Authored by: Ragiema Thokan-Mahomed, Legal, Ethics and Compliance Executive at the South African Institute of Professional Accountants (SAIPA)

Recently, the South African Institute of Professional Accountants (SAIPA) signed a groundbreaking memorandum of understanding with five other professional bodies to effectively close a loophole that allowed professionals with multiple memberships to evade the consequences of misconduct.

The other signatories to the memorandum include the Institute of Internal Auditors SA (IIA SA), the Institute of Risk Management SA (IRMSA), Chartered Secretaries Southern Africa (CSSA), the Institute of Directors in Southern Africa (IoDSA), and the Association of Certified Fraud Examiners (ACFE). Together, these organisations represent over 44,000 of South Africa’s company directors, company secretaries, internal auditors, accountants, fraud examiners and risk management professionals.

In the wake of revelations of corruption in government and business since last year, complaints against professional accountants have increased by 150%. This is understandable as the public has become acutely aware of the impact of corruption and are more likely to investigate courses of action available to them. This is true not just of accountants but many professionals in positions of authority, including business directors, company secretaries, corporate investigators or managers.

An integrated disciplinary solution

One means of resolution is to approach their professional body, which typically implements an investigative and disciplinary process based on internationally prescribed standards. SAIPA, for example, adheres to the framework of the International Federation of Accountants (IFAC), of which it is a voting member.

However, as a result of specialisation, many professionals belong to several associations, therefore holding more than one professional designation. In the past, if they were expelled from a particular association for misconduct, they could continue practicing under an alternative designation, thereby evading the full consequences of their actions. Now, those days are over.

In terms of the agreement, if a complaint is received against a professional who holds designations associated with several of the signatories, the relevant professional bodies will take a unified approach to investigate and resolve the charge. A lead investigator shall be nominated from among the parties and the final judgement shall be binding across all participating bodies in as far as their codes of conduct determine.

Swift justice

The goal is that such cases will be addressed more swiftly, efficiently and cost effectively but, most importantly, that their effect will be complete and justice will be rightly served, all in the interest of the public.
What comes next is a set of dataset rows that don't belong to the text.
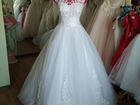 Свадебное платье (новое и белое) объявление продам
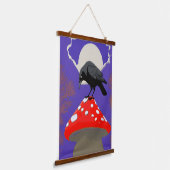 🖼️ Mystical Raven Vertical Wall Tapestry 吊り下げ型タペストリー (傾斜あり)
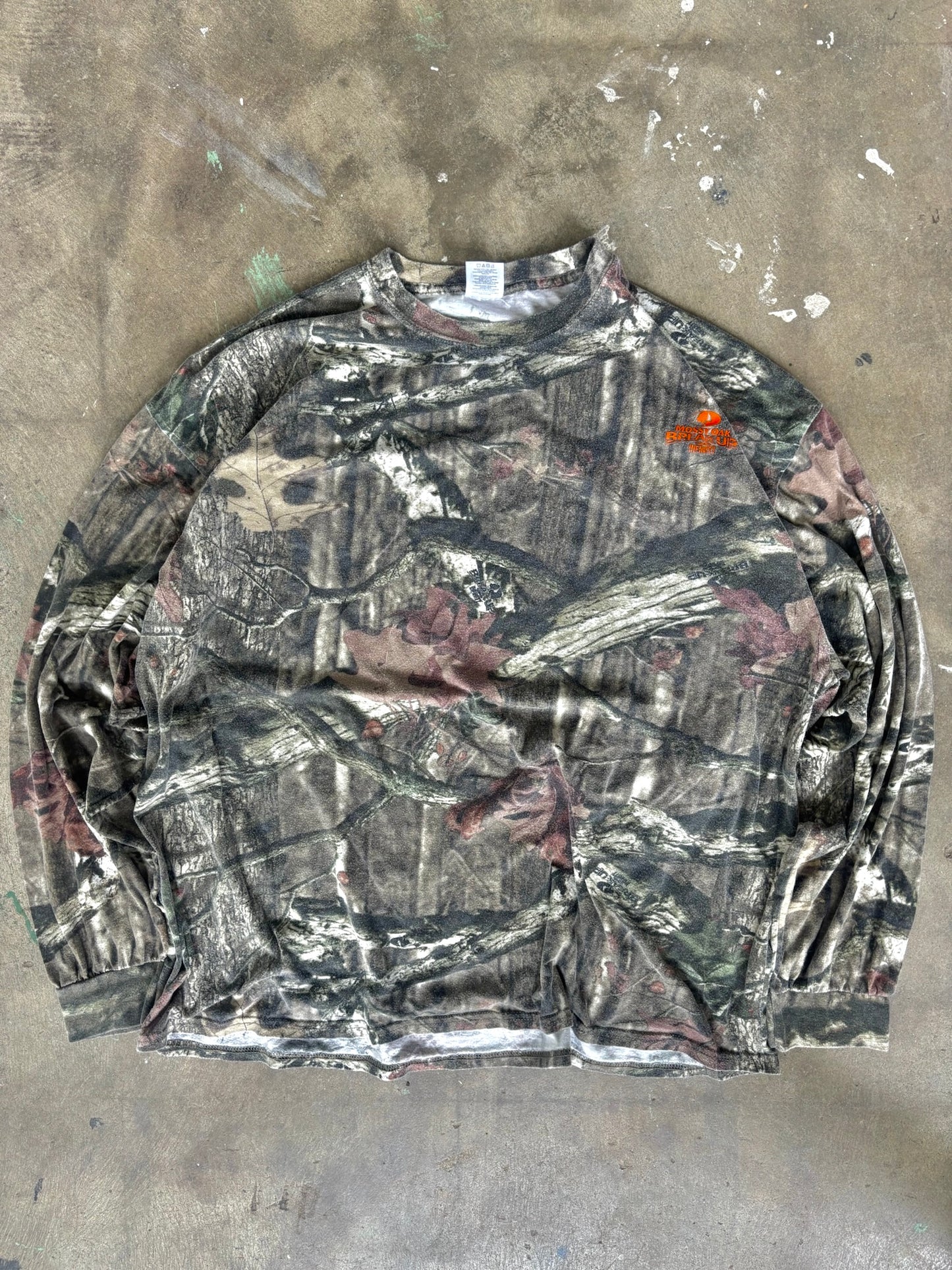 Mossy Oak Camo Long Sleeve XL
This is yet another step SAIPA has taken to combat non-compliance with laws and regulations (NOCLAR) in its efforts to restore faith in the accounting profession and protect the public interest. The implications of this initiative are profound, promising a unified front against corruption by putting the very careers of wrongdoers at risk. It is also a valuable extension to SAIPA’s own rules that require the names of members struck from its roll to be made public and a letter of good standing to be obtained for applicants already associated with another body.
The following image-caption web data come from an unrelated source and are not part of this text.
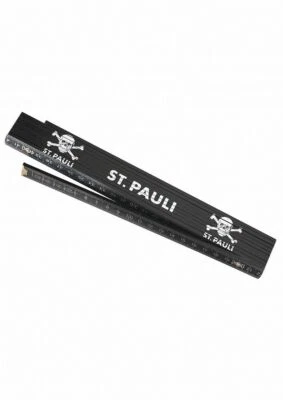 FC St. Pauli Zollstock - Totenkopf - Gliedermaßstab Schmiege
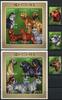 Briefmarken Grenada Grenadinen 2000 Hunde Dogs Haustiere Pets Schäferhund 3287-3301 MNH -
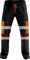Mens Hi Vis Viz Two Tone Jogging Trousers Bottoms Reflective Tape Open Hem Workwear Joggers Orange Black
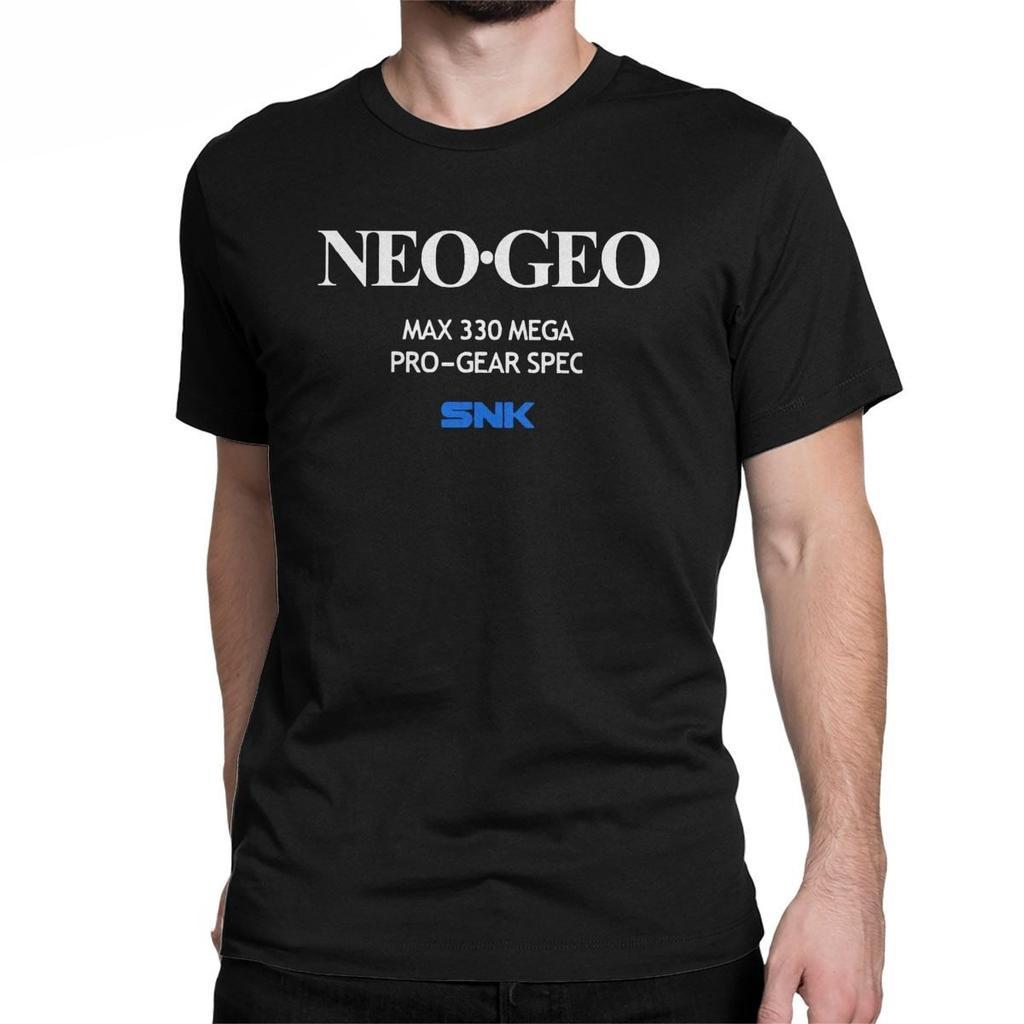 Streetwear Casual Funny Fatal Fury Neo Geo Startup Screen T Shirt Men Round Collar Cotton Short Sleeve Oversized Male Tees Tops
Better legislation required

Yet, more needs to be done. Currently, no legal constraints exist to practicing accounting. Anyone, regardless of qualification or intent, can hang out their shingle and call themselves an “accountant” or, for those who presume to know better, “a professional accountant”. As a result, there is no way to estimate how many accountants there actually are in South Africa or the magnitude to which these unregulated practitioners contribute to NOCLAR. This is a grave injustice to the reputation of the profession and the public interest.

It is critical that new laws are promptly enacted to compel anyone practicing accounting to join an appropriate professional body, like SAIPA. SARS already enforces such a requirement to ensure that tax practitioners are suitably qualified and professionally traceable, thereby protecting taxpayers from harm. Demanding the same of accountants should be a standard condition.

Right now, it is left to organisations to decide if they will risk hiring or doing business with unregulated accountants, and forego the assurances provided by a professional designation, like Professional Accountant (SA), and the protection offered by initiatives like the collaborative agreement mentioned above. SAIPA’s designation is backed by a prescribed study path, a three-year practical learnership, a Professional Evaluation of applied competence and ethics appreciation, a strict code of conduct and disciplinary process, and continuous professional development programmes (CPD). All that is missing is sweeping legislation to ensure that South Africa enters a new era of ethical accounting.